• PROVIDED DATA:
********************
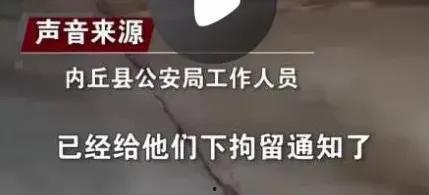 网友爆料拾荒老人视频,网友视频见证人间真情  第3张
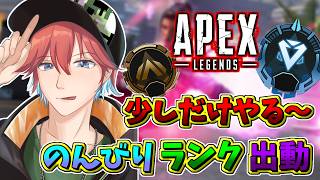 【APEXランク】今日も1人旅しつつ短時間だけど、のんびりプラチナを目指してみるかｗｗ🍀💎ApexLegends【初見さん歓迎】【Azuki　Live】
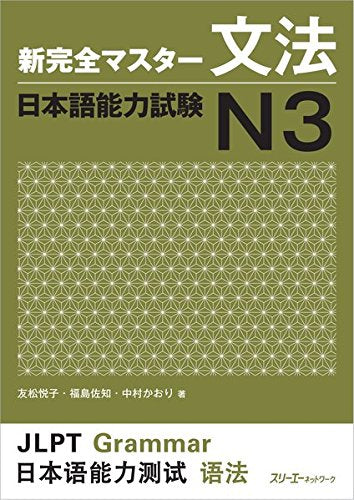 New Kanzen Master Grammar Japanese Language Proficiency Test N3 (New Complete Master N3 Grammar)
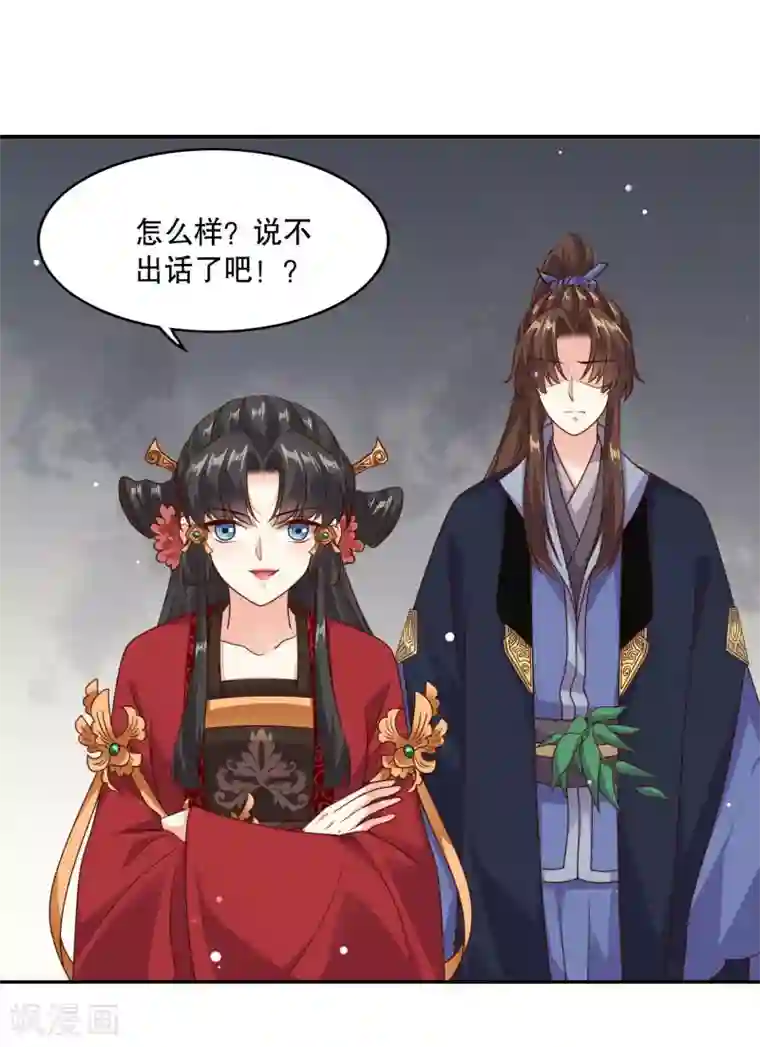 嫡女娇妃第43话 上了贼船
********************
• TASK BRIEF: With pictures excluded, the data must be transcribed in full and to the letter.

• ANSWER BOX:
 网友爆料拾荒老人视频,网友视频见证人间真情  第3张
 【APEXランク】今日も1人旅しつつ短時間だけど、のんびりプラチナを目指してみるかｗｗ🍀💎ApexLegends【初見さん歓迎】【Azuki　Live】
 New Kanzen Master Grammar Japanese Language Proficiency Test N3 (New Complete Master N3 Grammar)
 嫡女娇妃第43话 上了贼船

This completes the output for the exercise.